> **The task**
Reproduce the entries that follow exactly. No picture should appear in the result.

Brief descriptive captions
+===+

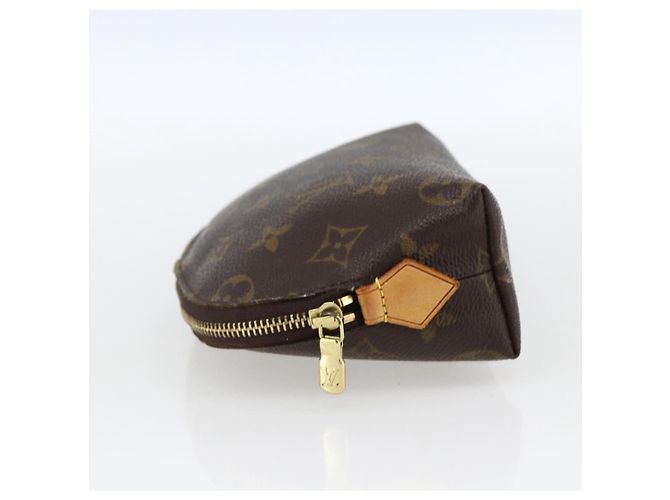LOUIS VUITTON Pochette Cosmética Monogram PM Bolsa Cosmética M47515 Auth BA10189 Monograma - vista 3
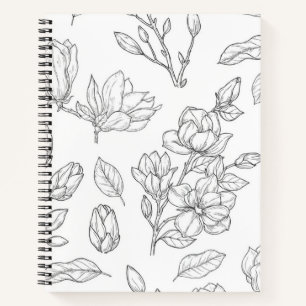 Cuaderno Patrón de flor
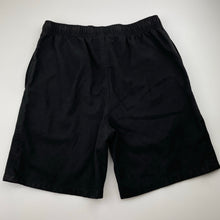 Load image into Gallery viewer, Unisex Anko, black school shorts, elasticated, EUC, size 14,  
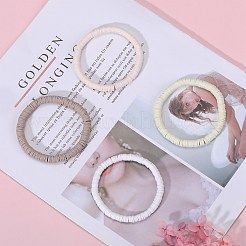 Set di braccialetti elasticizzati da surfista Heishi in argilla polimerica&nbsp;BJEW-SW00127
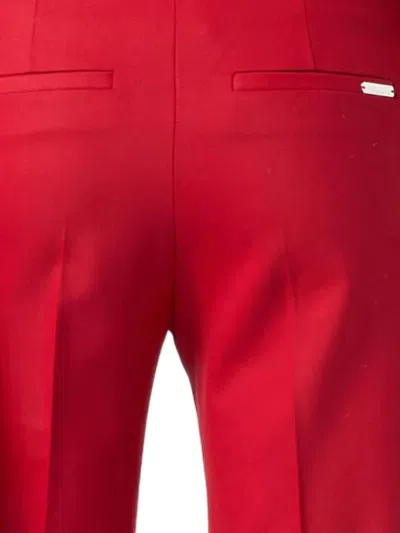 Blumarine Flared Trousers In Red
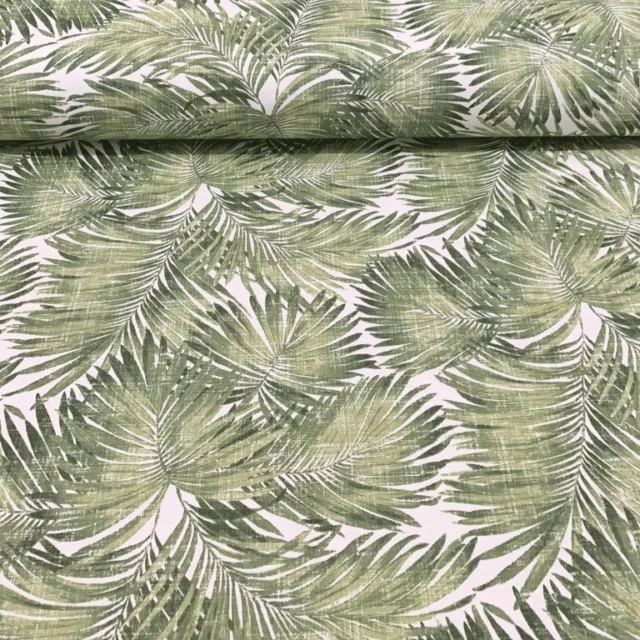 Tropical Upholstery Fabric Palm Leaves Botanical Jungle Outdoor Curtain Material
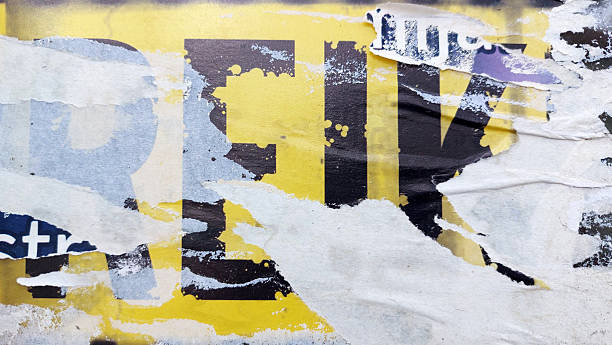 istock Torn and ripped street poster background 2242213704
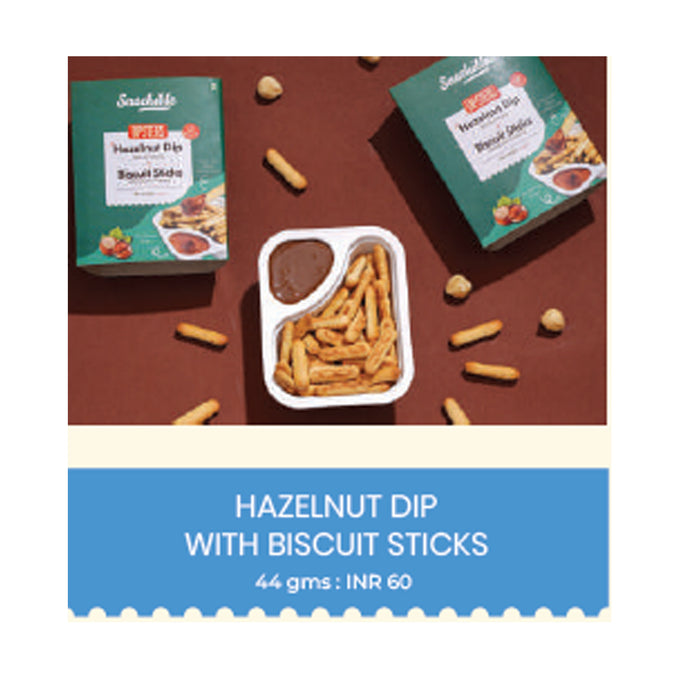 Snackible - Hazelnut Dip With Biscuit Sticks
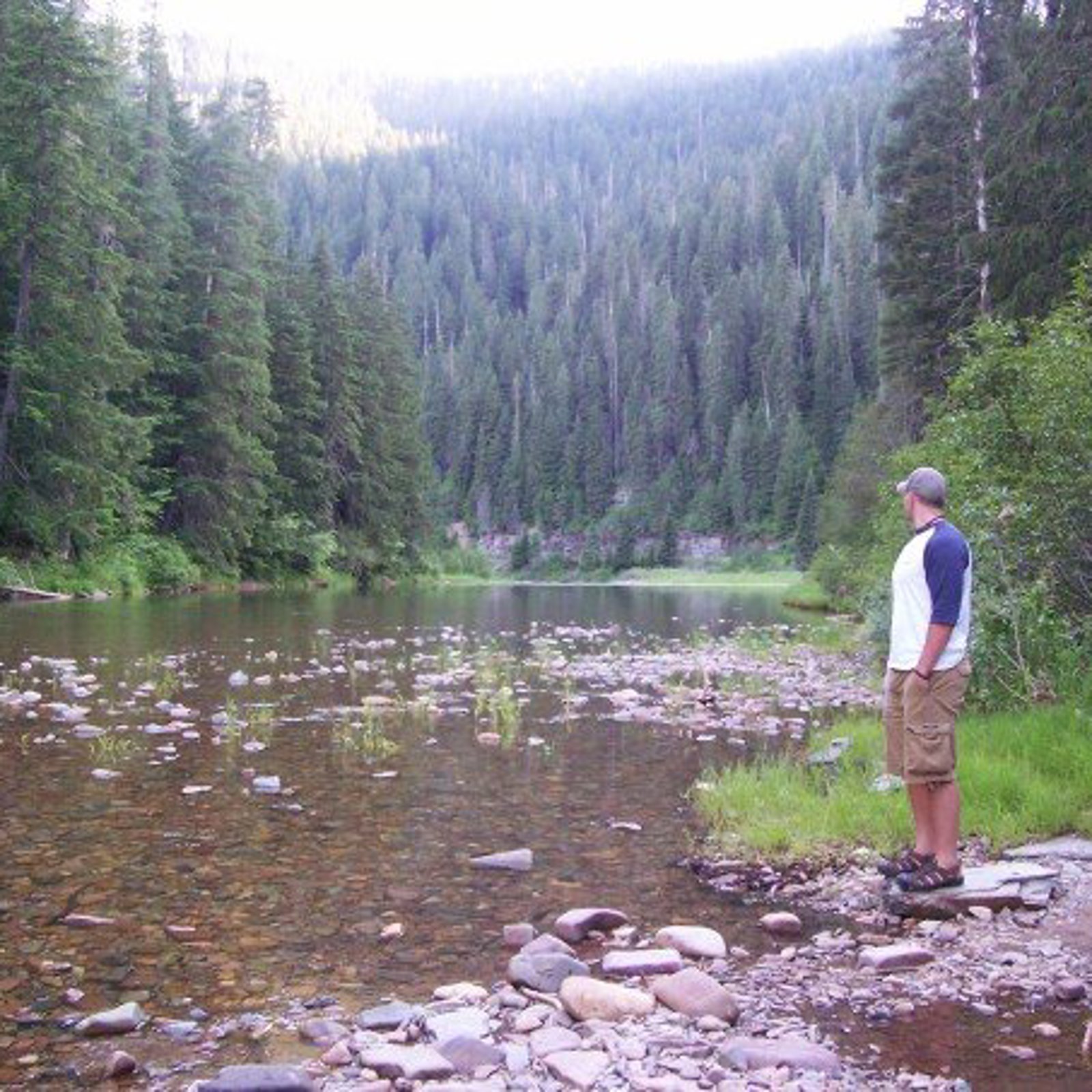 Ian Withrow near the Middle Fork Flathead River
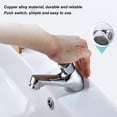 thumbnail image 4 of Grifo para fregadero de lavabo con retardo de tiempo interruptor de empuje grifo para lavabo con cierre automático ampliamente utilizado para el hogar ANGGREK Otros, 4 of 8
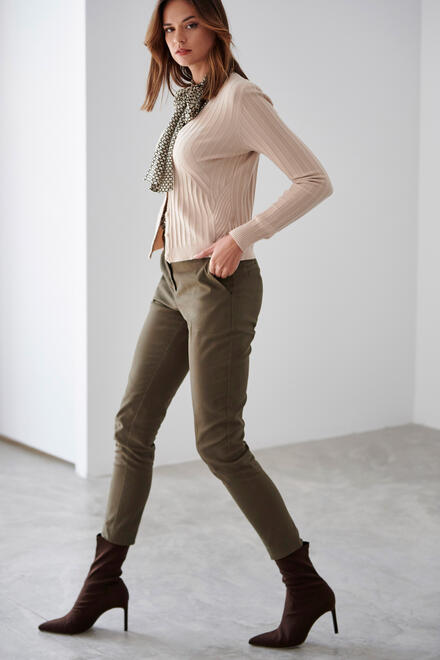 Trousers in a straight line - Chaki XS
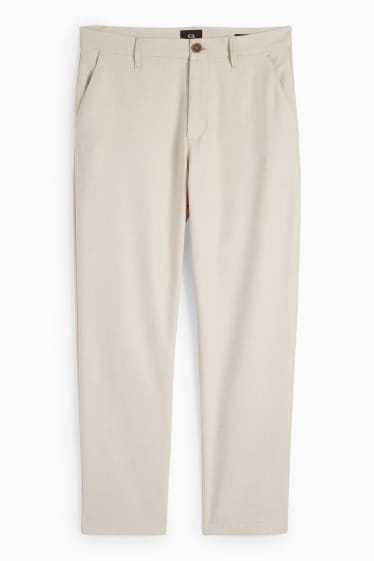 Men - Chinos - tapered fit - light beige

+===+

> **Answer to this task**
LOUIS VUITTON Pochette Cosmética Monogram PM Bolsa Cosmética M47515 Auth BA10189 Monograma - vista 3
 Cuaderno Patrón de flor
 Load image into Gallery viewer, Unisex Anko, black school shorts, elasticated, EUC, size 14,  
 Set di braccialetti elasticizzati da surfista Heishi in argilla polimerica&nbsp;BJEW-SW00127
 Blumarine Flared Trousers In Red
 Tropical Upholstery Fabric Palm Leaves Botanical Jungle Outdoor Curtain Material
 istock Torn and ripped street poster background 2242213704
 Snackible - Hazelnut Dip With Biscuit Sticks
 Ian Withrow near the Middle Fork Flathead River
 thumbnail image 4 of Grifo para fregadero de lavabo con retardo de tiempo interruptor de empuje grifo para lavabo con cierre automático ampliamente utilizado para el hogar ANGGREK Otros, 4 of 8
 Trousers in a straight line - Chaki XS
 Men - Chinos - tapered fit - light beige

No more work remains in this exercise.